7. See next section for further discussion of this point.
8. I absolutely agree with Betz (71) that Paul's ἐν ἐμοὶ here has to be understood as referring to a vision and will further support it later. The question of “internal” or “external” is irrelevant in my opinion. In either case, Paul is referring to a vision with the “eyes of the mind.” See further discussion below.
9. Elizabeth Castelli has asked what is at stake in this claim for me, since I make it so emphatically. The answer is that I wish to disrupt what I believe to be a false antithesis between theological and sociological understandings of Paul. While my reading of Paul is one that interprets his work as responsive to particular situations in the churches to which he is writing, and therefore within the modern sociological tradition of Pauline scholarship, at the same time I find it generated by a consistent theological mainspring as well.

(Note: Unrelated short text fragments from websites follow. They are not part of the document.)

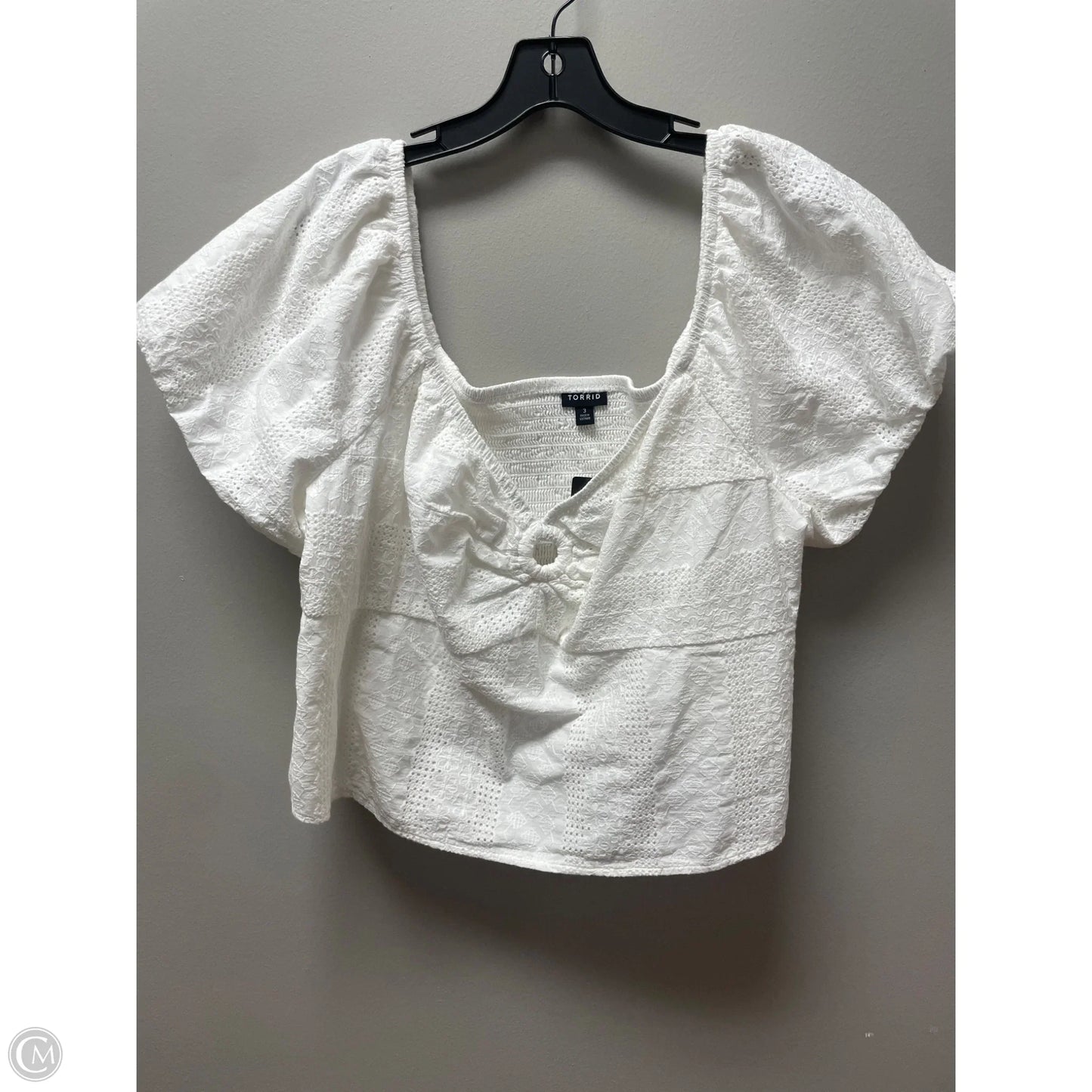 Top Short Sleeve By Torrid In White, Size: 3x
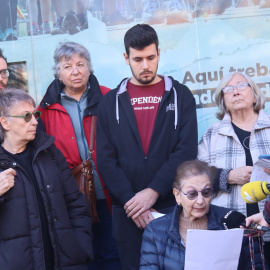 L’exsecretària nacional de l’ANC Blanca Serra i el tresorer a Lleida Josep Màsich llegeixen un manifest contra la llista cívica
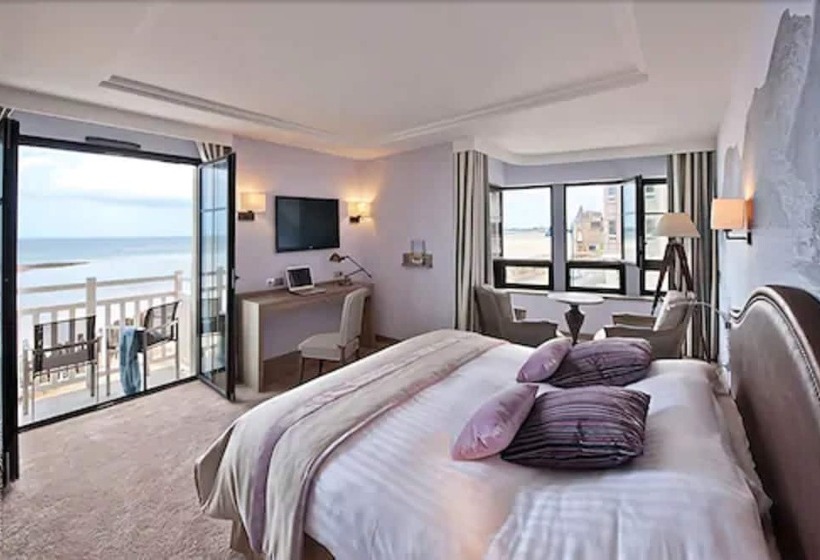 اتاق پرمیوم با چشمانداز دریا, Le Nouveau Monde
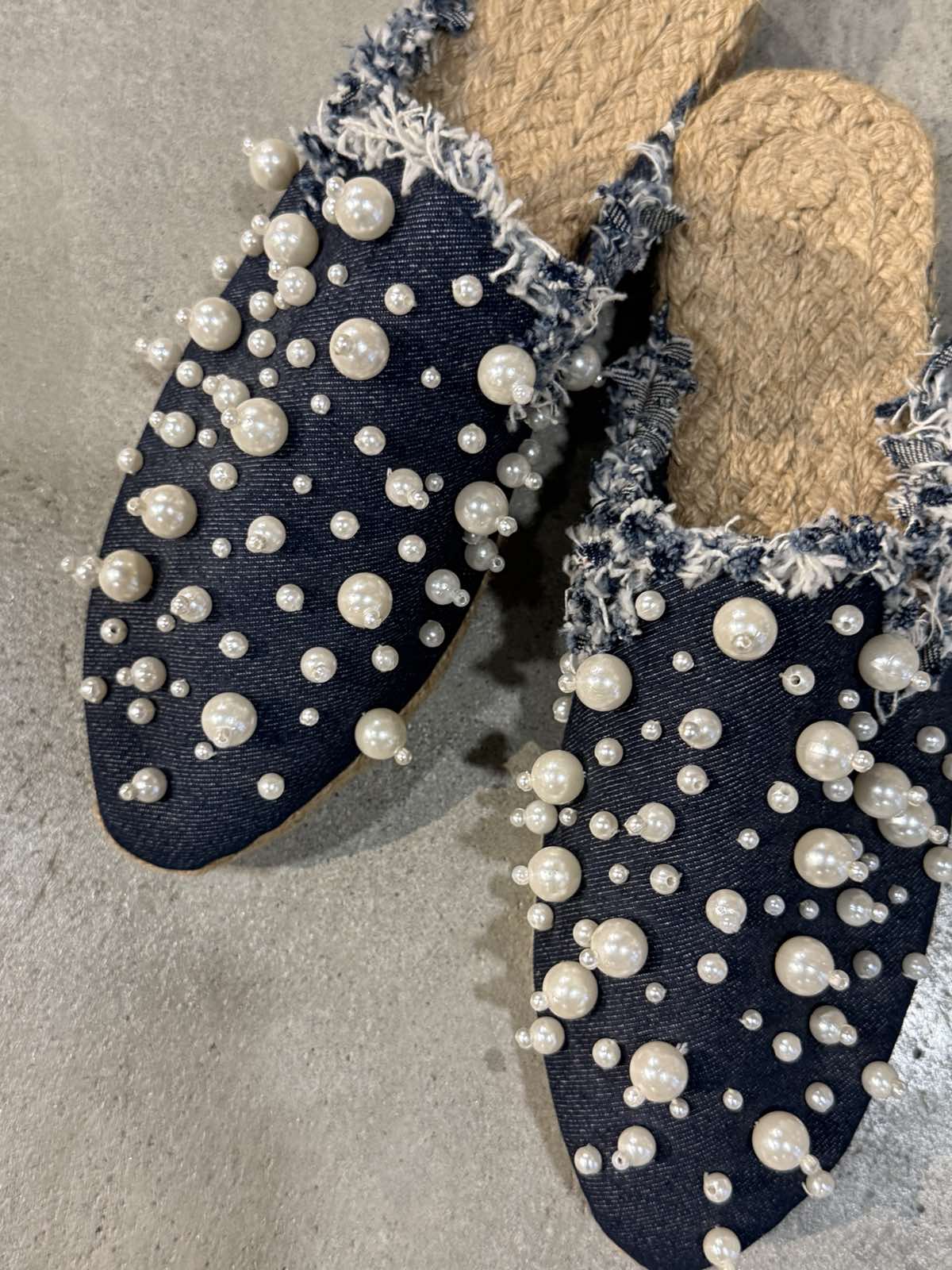 AI-SHE's Mules Pearl Fatigue in denim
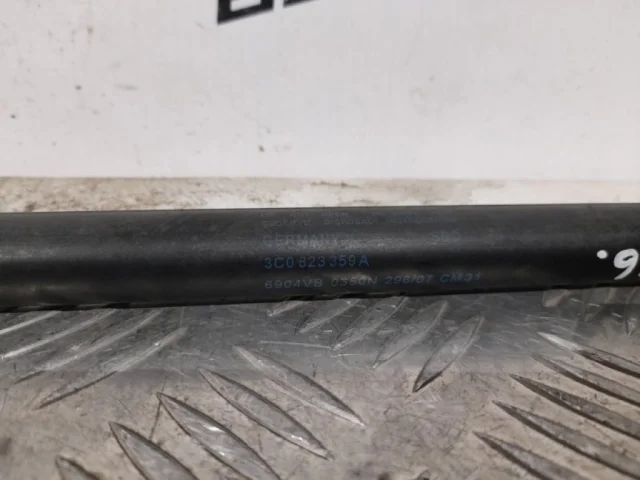 Амортизатор капота правый для Volkswagen Passat (B6, Typ 3C) 2005-2010 на фотографиях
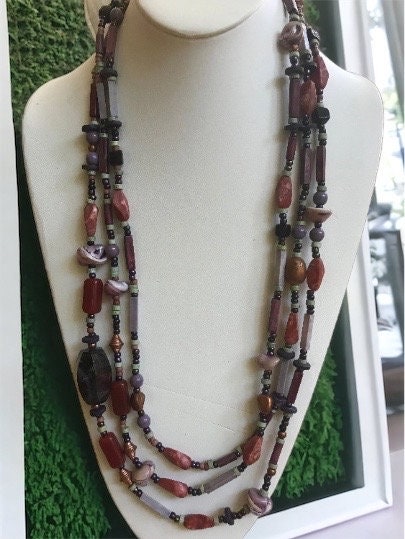 Stunning & unique vintage mixed material, multi-strand vintage necklace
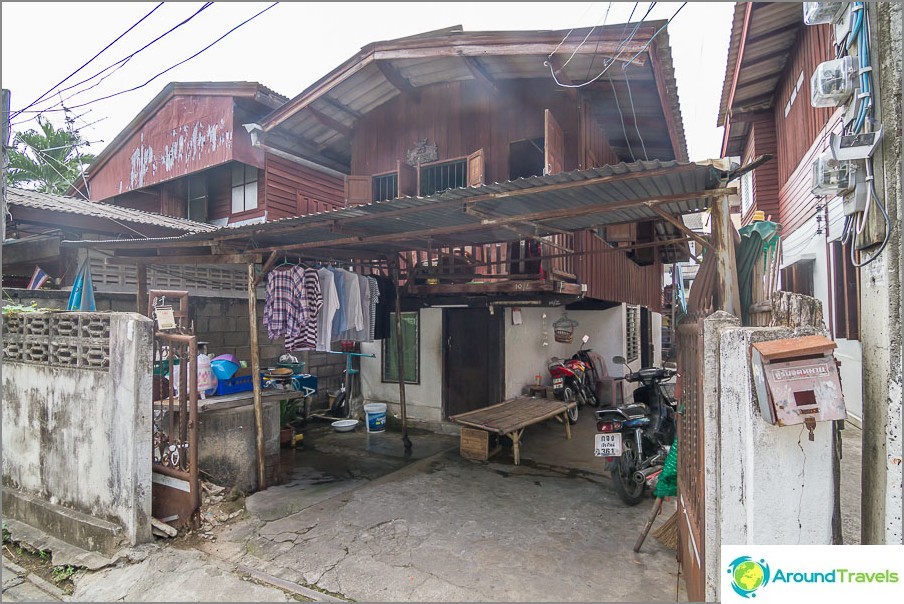 Estas son viejas casas de madera en el casco antiguo.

In this, again, I think that my method of reading Paul, as well as my particular constructions, are perhaps closest to those of F. C. Baur.
10. It is important, however, to note that from a rabbinic Jewish perspective, this very stance puts Paul into direct conflict with Judaism. It is not “tolerance” of Judaism to say that for Jews it is a matter of indifference whether or not they are circumcised. This is a dismissal of Pharisaic/ biblical Judaism entirely.
11. The perspective here is substantially the same as that of Sanders (1983, 177).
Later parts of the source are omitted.